Daleko mi tutaj...
Dalece dzisiaj wybrzmiewa melodia od pierwowzoru
aby budzić świąteczną stagnację w rozblasku światełek
o krótkim dniu, niskim nasłonecznieniu.
Pojawiły się wprawdzie na krystalicznym niebie
lotni wędrowcy, stroniący od zimna i bitew o ziarno
lecz trelują tak po cichu, jakby z jakąś obawą,
słabo słyszalnie rozkwitają o świcie pąki.

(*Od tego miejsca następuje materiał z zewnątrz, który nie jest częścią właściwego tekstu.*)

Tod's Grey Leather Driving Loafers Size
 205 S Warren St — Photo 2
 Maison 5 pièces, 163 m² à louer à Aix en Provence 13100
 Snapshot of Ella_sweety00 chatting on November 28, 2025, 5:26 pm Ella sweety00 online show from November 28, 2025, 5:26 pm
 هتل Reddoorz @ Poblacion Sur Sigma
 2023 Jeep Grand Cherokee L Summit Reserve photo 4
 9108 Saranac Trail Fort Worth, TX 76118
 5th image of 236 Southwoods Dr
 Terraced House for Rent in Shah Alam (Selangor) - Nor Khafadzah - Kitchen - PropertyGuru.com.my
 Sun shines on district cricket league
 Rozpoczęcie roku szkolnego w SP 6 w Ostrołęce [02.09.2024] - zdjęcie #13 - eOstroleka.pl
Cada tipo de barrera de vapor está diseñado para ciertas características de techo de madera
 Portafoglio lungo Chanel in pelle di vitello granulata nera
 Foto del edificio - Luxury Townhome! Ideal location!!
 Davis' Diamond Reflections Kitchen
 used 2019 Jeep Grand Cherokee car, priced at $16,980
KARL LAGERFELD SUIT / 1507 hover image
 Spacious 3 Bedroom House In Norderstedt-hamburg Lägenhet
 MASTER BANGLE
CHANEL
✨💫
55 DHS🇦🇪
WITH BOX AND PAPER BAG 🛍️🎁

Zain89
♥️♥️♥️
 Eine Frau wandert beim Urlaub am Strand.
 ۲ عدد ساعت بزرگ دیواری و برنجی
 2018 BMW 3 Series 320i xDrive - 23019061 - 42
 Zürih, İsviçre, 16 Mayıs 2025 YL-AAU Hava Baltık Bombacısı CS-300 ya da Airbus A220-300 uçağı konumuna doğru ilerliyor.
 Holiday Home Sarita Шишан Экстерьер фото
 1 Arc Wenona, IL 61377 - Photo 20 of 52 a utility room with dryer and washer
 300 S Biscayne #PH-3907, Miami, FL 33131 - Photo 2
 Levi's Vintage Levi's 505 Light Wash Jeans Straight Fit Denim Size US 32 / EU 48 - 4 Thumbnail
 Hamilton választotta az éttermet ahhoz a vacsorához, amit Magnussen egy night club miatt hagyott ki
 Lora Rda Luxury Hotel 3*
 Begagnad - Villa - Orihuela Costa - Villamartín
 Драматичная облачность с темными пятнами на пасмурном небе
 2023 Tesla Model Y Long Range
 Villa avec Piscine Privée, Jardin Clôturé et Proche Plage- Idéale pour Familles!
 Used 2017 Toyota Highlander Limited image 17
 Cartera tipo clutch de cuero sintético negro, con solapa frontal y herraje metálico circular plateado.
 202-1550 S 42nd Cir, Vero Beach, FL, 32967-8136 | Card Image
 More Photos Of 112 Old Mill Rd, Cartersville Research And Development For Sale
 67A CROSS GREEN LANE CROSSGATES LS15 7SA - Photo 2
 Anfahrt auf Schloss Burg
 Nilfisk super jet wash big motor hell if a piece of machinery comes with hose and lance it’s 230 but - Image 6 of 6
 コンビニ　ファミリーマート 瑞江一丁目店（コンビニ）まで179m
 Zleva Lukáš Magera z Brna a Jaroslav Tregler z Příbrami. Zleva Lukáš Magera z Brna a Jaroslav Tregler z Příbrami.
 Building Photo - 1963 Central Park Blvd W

Tak, świeży powiew zbudzonej ziemi,
odczuwa się błogo, jak niemal zawsze
ale i tutaj nasiąknięte wszystko dozą nieśmiałości,
stawia się rozkwit z wiarą w jednej parze,
zaiskrzona, na cztery tuziny minut, przez zakrystiana,
w ofiarnym knociku na zapomnianym ołtarzu.
Nektar, chcąc się rozniecać i rodzić,
tuli się do barw słońca, nieba i wzrastania,
trwożliwie jednak przypatrują się starsze drzewa
aby nie przybrano ni tylko - kwitnącej czerwieni.
Niejedną słoną łzę wycisną stare melodie,
pamiętająco tęskniąc za tkliwą treścią,
niemniej poszum natury jakby nieco odległy,
innej budzącej się - wiosennej siostry.